Ontem, pudemos testemunhar com a visita do Papa Francisco à Suécia mais um desses passos no sentido do diálogo religioso e da reconciliação. “Do conflito à comunhão: juntos na esperança”, foi o lema da viagem que o Papa empreendeu assinalando a aguardada oração ecumênica na Catedral luterana de Lund. Esta cidade, aliás, foi escolhida para a viagem apostólica por ter sido ali que, em 1947, se fundou a Federação Luterana Mundial, enquanto a data – 31 de outubro – foi o dia em que, segundo a tradição, Martinho Lutero expôs as suas 95 teses na porta da Igreja de Todos os Santos no castelo de Wittenberg, em 1517.
Recorde-se que este evento inédito (a oração ecuménica comum) é fruto de 50 anos de diálogo: com os luteranos, os católicos iniciaram os colóquios com o Concílio Vaticano II; em 1999, as duas comunidades assinaram a Declaração conjunta sobre a Justificação e em 2013 aprovaram o documento “Do conflito à comunhão”, que se tornou o lema desta viagem.

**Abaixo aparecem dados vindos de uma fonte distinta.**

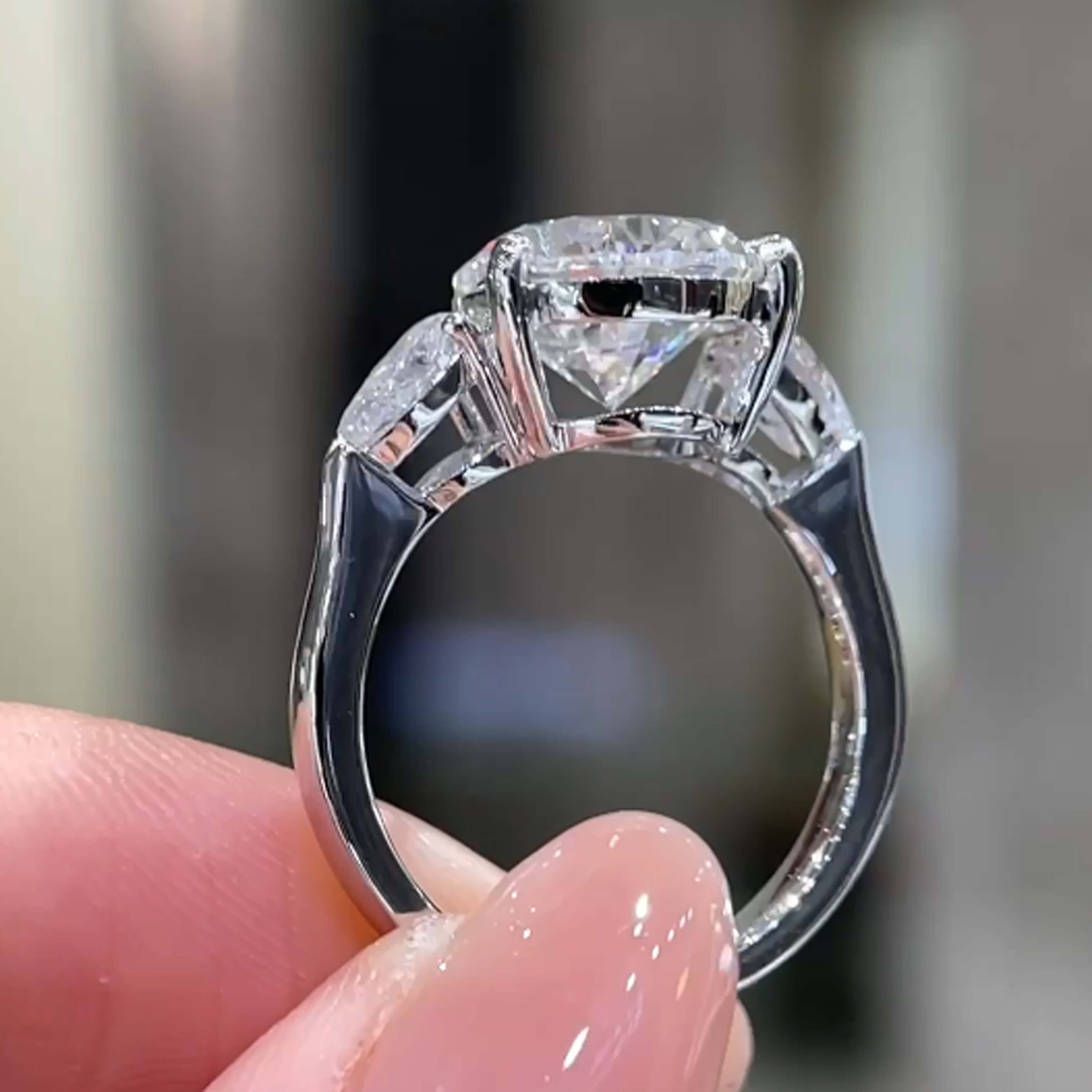 Pear cut lab grown diamond three stones engagement ring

Mas o que quero sublinhar é a visita e todo o simbolismo que lhe está associado, o seu significado extrínseco quando, em simultâneo, se iniciam as celebrações dos 500 anos do grande cisma que levou à reforma (assinalam-se a 31 de outubro de 2017) e à contra reforma (Concílio de Trento, 1545-1553), com a consequente divisão luterana do mundo ocidental, é uma viajem que reforça a confiança na Europa através da religião.
Será apenas um caminho, apenas mais uma via possível, dirão muitos. Mas não deixa de ser a mais importante, dirão muitos mais.
A história ensina-nos que religião tanto foi uma fonte de dissensões, martírios, como de esperança, amor pelo próximo e diálogo fraterno.
André Malraux disse que o século XXI seria o século da religião. Na sua diversidade de povos, nações, etnias, culturas, será possível divisar na Europa a mesma fé, as mesmas crenças, uma mesma religião. Todos diferentes, todos europeus. Todos juntos em Cristo.
Em Itália, Núrsia, mais um sismo de grande intensidade acaba de destruir a Basílica de São Bento, padroeiro da Europa desde 1964. Saibamos, pois, dar as mãos e passar definitivamente do conflito à comunhão. Ajudar na reconstrução de Núrsia, ajudar na reconciliação entre os europeus, serão vias para, apesar das crises e das dificuldades de relacionamento entre o norte e o sul, o leste e o oeste, assumirmos que temos na Europa uma fé comum com valores partilhados, afinal, somos a mesma humanidade.
PS: Hoje, na tradição cristã, é Dia de todos os Santos, dia de finados, dia de lembrar os que partiram de entre os que ficam para assegurar os que hão de vir. Por isso, permitam-me que lembre aqui um amigo, uma voz a que ninguém ficava indiferente, Jaime Fernandes. Uma voz de equilíbrio, de paz e entreajuda, alguém de uma humanidade exemplar. Um homem digno e bom. Usando as palavras de outro grande homem vulto cimeiro da nossa ciência, literatura e humanismo, João Lobo Antunes que, infelizmente, também nos deixou nestes últimos dias, todos temos razões para chorar e “quando choramos por alguém que nos é querido, choramos sobretudo por nós.” Pelo carácter, pelo trabalho notável e pelo exemplo humano e cívico, em ambos podemos acalentar a esperança de uma Europa reconciliada e em comunhão.